The cache data is being saved to one of the active cache targets listed in the Native Loading Option column of the table in Supported Cache Target Storage Types.
The native cache loading options are enabled by default. Native loading makes use of functionality that is inherent to the data source to improve the speed of data movement.
If TDV detects that your data source and your cache data target are on the same TDV data source resource, it determines if a direct SELECT and INSERT is the best way to move data or if one of the configurable native loading options might work faster. Most databases have proprietary data movement functionality that is optimized for that database. For example, all Oracle databases come with database link functionality. That database link functionality can be used to provide cache loading performance gains that are not possible when using the TDV JDBC connections to move data.
If both the native database loading and the TDV cache loading fail, the refresh status is set to failed.
Topics in this section
Performance Option
Uses the DB2 LOAD utility.
Uses the bcp utility (bcp.exe) for bulk import and export.
Uses Netezza external tables.
Uses database links.
LOAD_TABLE statement.
Uses Bulk Load utility.
 
Configuring TDV Native Loading Option for DB2
For DB2, the TDV native loading option makes use of DB2’s LOAD utility. The LOAD utility can quickly load or add data to a table where large amounts of data need to move. LOAD can perform significantly faster than IMPORT because LOAD writes formatted pages directly into the database while IMPORT uses SQL INSERTs. Before attempting to use this method, we recommend that you see if using JDBC batch insert options can give you acceptable performance improvements. If you choose to implement the JDBC functionality, you do not need to configure the DB2 LOAD utility, or change any TDV configuration settings.
The DB2 LOAD utility when working with TDV requires that the DB2 command-line utility be run. How it works with TDV varies by platform:
Platform
DB2 Command-Line Utility Name
Execution Details
Windows
DB2CMD.exe
When it runs, a command window pops up, requires a password, and stays active until the upload completes. While the window is open, the password might be visible.
UNIX
db2
It can be run as a background process.
Requirements
The data being loaded must be local to the server.

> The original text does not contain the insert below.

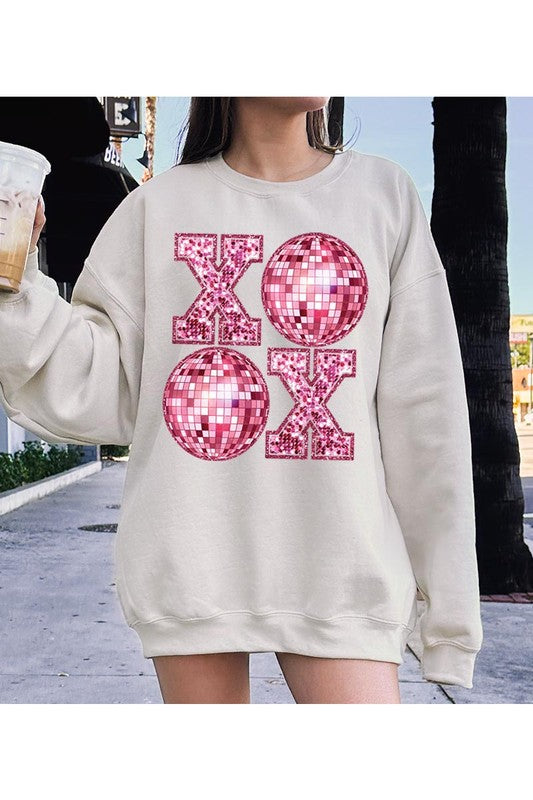 XOXO Faux Sequin Valentines Sweatshirt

Requires advanced DB2 database level configuration
Limitations
This feature is not valid for:
Binary and BLOB data types
Kerberos implementations
To configure the DB2 LOAD utility to work with TDV for caching
1. Consult the IBM documentation on configuring and using the DB2 LOAD utility.
2. Install and configure all relevant parts of the DB2 LOAD utility according to IBM’s instructions for your platform.

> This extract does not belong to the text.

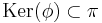 \mathrm{Ker}(\phi)
\subset \pi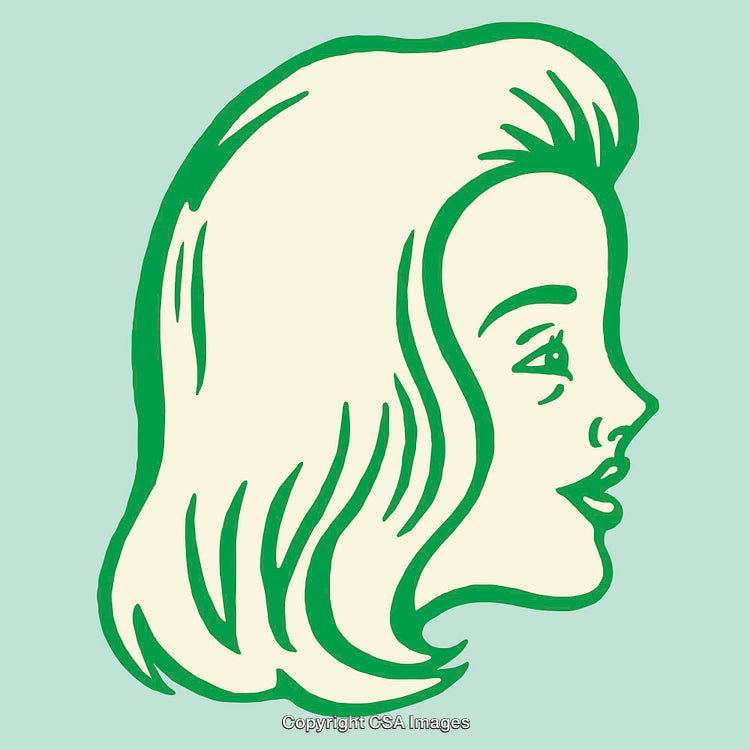 Green Outline Illustration of a Woman's Profile on Light Background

The client drivers might need to be installed on all the machines that are part of your TDV environment.
3. Verify the full path to the DB2 command-line utility that you want to use to run the DB2 LOAD utility. For example, locate the path to your DB2 SQL command-line client.
4. Open Studio.
5. Select Administration > Configuration.

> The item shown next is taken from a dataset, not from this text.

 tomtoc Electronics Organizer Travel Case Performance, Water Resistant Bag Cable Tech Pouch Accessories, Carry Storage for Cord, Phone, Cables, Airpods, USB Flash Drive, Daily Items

6. Locate the Enable Bulk Data Loading configuration parameter.
7. Set the value to True.
8. Click Apply.
9. Click OK.
10. Locate the DB2 Command-Line Utility Path configuration parameter.
11. For Value, type the full directory path to the DB2 command-line program. If there are spaces in the pathname, be sure to enclose the path in double quotes. For example:
“C:\Program Files\IBM\DB2\Tools\Bin\DB2CMD.exe”
 
12. Click Apply.
13. Click OK
14. Restart your TDV Server.
Some configuration parameter value changes are applied while the TDV Server is running, but many of them require a server restart to work correctly.
15. Open Studio and locate the DB2 data source for which you want to enable the bulk load feature.
16. Open the data source editor.
17. Select the Advanced tab.
18. Scroll down to locate the Database Alias (Used For DB2 Load) field.
This property is passed on to the DB2 Load to identify the cataloged database.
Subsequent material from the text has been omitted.